- WORK INSTRUCTIONS -
Set down exactly the lines that run from the one containing "Free Shipping! X-PRO" to the end of the material below, both included, without pictures.

- RECORDS TO PROCESS -
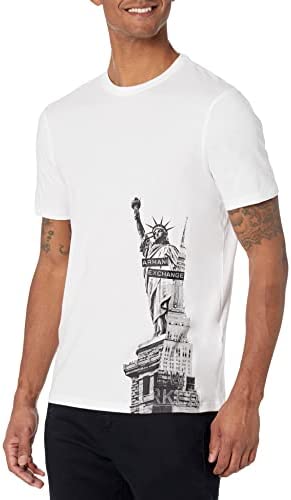 A|X ARMANI EXCHANGE Men’s Statue of Liberty Logo Slim Fit T-Shirt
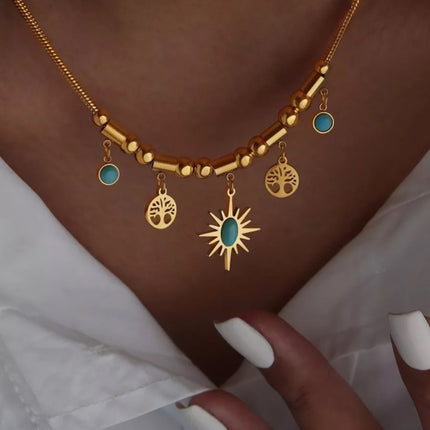 Collar Y Pulsera Bohemio De Acero Titanio Chapado En Oro 18K
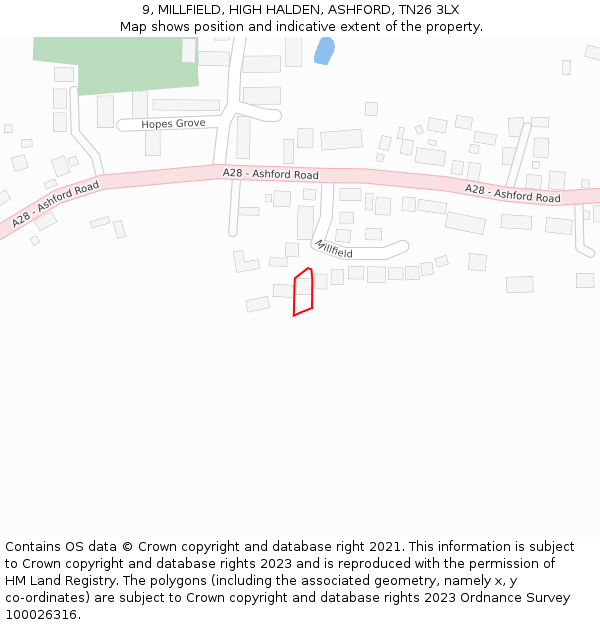 9, MILLFIELD, HIGH HALDEN, ASHFORD, TN26 3LX: Location map and indicative extent of plot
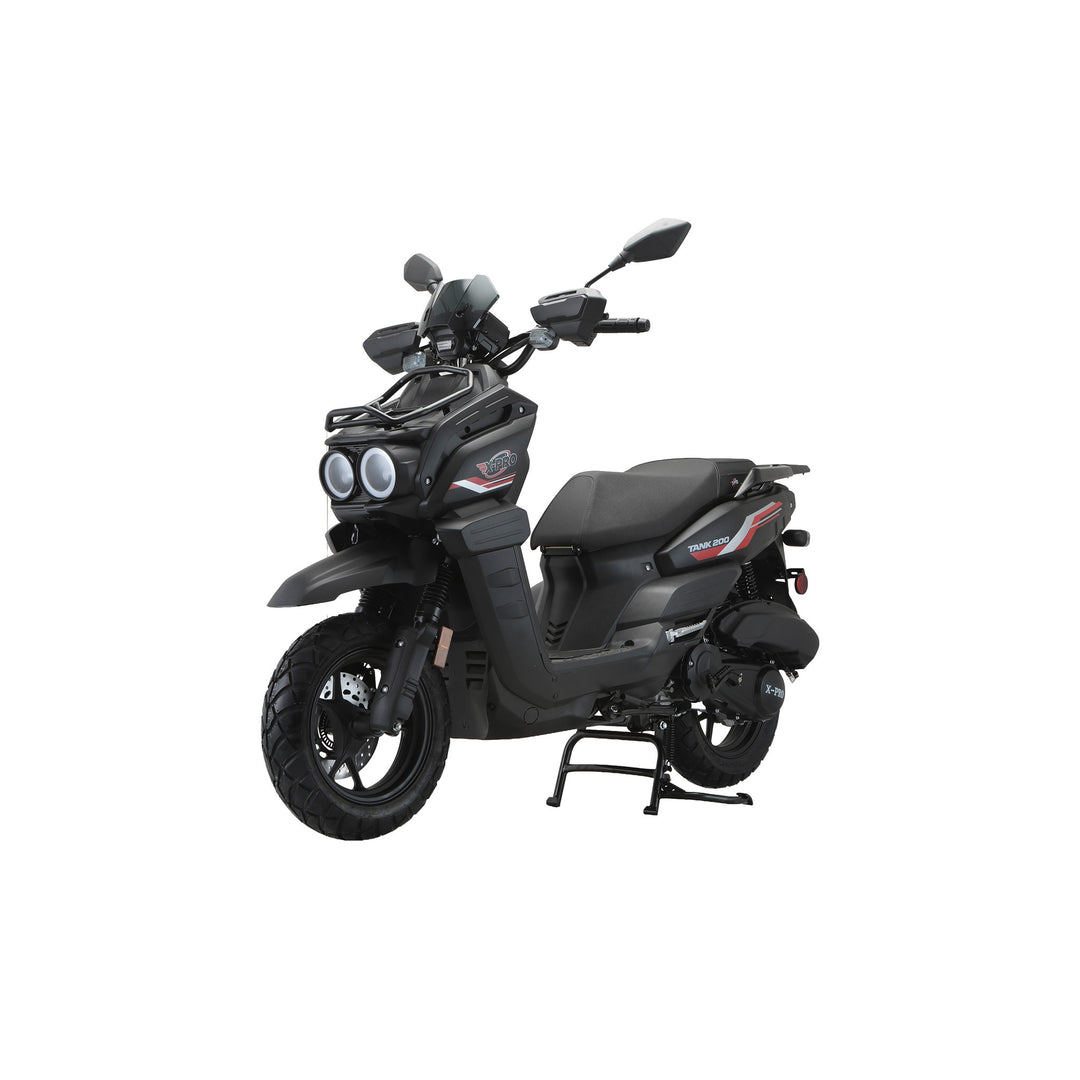 Free Shipping! X-PRO Tank 200 Moped Scooter with 12" Aluminum Wheels! Electric/Kick Start, LED Lights!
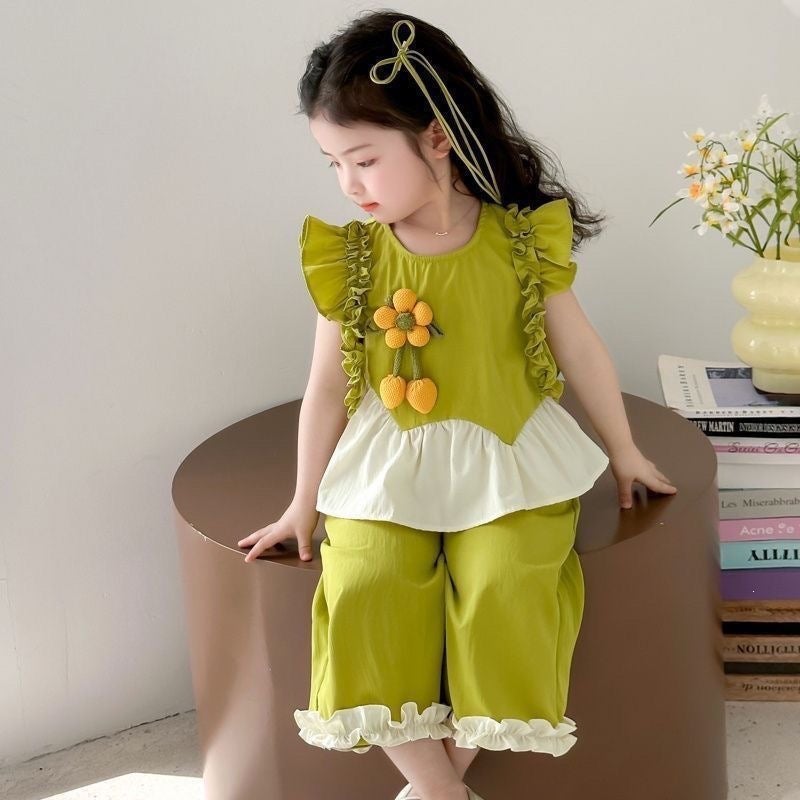 Girls'' Summer Outfit New Fashion Casual Stylish Trendy Forest Style Children''s Summer Korean Two-Piece Set - Image 1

- TASK RESULT -
 Free Shipping! X-PRO Tank 200 Moped Scooter with 12" Aluminum Wheels! Electric/Kick Start, LED Lights!
 Girls'' Summer Outfit New Fashion Casual Stylish Trendy Forest Style Children''s Summer Korean Two-Piece Set - Image 1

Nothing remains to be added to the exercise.